What is expected:
Going down the listing below, print exactly each line from the one with "İlkadım ve Canik’te" up to and including the one with "Olimpiade Tobo Kito", and skip the rest.

=== Section Start ===

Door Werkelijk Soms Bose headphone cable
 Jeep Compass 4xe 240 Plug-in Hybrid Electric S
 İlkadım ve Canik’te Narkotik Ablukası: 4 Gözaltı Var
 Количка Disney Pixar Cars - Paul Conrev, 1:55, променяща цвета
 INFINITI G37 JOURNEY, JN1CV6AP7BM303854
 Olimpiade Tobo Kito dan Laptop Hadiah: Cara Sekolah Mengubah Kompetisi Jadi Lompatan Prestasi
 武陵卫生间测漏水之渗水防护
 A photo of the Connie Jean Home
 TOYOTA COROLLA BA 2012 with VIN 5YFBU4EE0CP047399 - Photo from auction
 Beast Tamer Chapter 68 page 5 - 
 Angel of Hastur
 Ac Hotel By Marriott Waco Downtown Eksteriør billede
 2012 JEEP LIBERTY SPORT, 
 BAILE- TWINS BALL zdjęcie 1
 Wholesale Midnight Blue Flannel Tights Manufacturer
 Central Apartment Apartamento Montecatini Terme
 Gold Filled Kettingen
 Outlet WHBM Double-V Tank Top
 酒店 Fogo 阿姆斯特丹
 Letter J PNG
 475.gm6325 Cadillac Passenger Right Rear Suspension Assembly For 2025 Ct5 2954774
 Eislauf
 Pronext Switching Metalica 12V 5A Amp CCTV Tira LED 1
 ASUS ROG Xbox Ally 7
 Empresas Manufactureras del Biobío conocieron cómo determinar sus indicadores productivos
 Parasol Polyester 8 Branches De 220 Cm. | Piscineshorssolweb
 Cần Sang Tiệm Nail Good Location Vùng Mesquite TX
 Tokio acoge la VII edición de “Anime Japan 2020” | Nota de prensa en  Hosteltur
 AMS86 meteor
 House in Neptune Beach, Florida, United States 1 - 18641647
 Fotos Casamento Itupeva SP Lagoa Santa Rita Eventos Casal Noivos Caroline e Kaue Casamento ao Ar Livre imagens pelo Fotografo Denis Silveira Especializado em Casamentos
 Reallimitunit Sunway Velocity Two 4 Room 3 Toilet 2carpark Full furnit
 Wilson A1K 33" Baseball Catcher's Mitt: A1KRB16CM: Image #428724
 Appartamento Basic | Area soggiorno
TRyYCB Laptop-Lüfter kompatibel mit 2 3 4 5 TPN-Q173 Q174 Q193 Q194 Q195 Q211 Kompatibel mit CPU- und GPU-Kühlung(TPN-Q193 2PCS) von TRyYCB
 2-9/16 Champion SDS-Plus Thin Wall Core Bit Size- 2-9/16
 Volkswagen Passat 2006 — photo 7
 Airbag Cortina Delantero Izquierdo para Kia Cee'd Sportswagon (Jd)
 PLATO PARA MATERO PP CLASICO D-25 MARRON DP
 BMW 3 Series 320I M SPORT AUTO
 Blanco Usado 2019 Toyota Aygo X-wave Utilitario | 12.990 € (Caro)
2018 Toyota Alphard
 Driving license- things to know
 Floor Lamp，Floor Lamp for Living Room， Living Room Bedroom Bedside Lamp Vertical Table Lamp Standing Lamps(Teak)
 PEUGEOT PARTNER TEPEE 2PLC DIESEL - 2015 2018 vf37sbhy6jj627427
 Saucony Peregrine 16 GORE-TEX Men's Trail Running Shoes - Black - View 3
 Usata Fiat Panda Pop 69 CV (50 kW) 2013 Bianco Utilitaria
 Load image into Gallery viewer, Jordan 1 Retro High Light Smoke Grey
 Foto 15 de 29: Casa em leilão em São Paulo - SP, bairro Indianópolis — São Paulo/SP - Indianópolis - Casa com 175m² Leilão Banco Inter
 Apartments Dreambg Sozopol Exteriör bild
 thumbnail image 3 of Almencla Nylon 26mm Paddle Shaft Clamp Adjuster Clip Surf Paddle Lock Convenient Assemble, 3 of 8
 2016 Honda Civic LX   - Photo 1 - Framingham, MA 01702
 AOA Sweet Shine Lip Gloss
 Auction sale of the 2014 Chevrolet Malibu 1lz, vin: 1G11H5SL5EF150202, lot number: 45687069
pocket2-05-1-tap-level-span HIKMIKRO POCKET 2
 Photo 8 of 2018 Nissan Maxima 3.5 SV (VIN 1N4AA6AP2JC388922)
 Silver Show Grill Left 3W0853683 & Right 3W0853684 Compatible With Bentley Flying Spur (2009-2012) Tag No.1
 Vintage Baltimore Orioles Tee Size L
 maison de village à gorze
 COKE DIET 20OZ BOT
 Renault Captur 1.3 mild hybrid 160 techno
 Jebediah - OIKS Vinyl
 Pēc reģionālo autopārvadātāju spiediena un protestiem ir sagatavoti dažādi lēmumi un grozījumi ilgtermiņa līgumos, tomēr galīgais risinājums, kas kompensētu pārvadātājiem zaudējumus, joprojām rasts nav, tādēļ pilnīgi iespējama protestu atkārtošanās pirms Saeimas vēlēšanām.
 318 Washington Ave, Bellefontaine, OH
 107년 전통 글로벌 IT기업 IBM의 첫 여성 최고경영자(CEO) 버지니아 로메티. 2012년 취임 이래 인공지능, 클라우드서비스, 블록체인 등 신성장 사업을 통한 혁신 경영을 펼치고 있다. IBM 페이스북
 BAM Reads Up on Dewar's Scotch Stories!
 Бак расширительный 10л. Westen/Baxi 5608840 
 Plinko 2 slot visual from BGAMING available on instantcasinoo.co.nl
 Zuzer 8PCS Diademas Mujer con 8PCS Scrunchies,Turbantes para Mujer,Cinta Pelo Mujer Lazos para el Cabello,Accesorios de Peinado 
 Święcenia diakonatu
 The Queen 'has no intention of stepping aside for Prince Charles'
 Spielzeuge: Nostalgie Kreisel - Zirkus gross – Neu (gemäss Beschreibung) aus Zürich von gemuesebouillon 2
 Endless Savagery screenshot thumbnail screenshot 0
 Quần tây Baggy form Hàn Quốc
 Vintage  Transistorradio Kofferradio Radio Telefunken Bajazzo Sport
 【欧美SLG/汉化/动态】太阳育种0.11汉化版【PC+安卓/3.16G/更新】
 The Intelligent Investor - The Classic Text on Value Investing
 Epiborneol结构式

=== Section End ===

Solution to this task:
 İlkadım ve Canik’te Narkotik Ablukası: 4 Gözaltı Var
 Количка Disney Pixar Cars - Paul Conrev, 1:55, променяща цвета
 INFINITI G37 JOURNEY, JN1CV6AP7BM303854
 Olimpiade Tobo Kito dan Laptop Hadiah: Cara Sekolah Mengubah Kompetisi Jadi Lompatan Prestasi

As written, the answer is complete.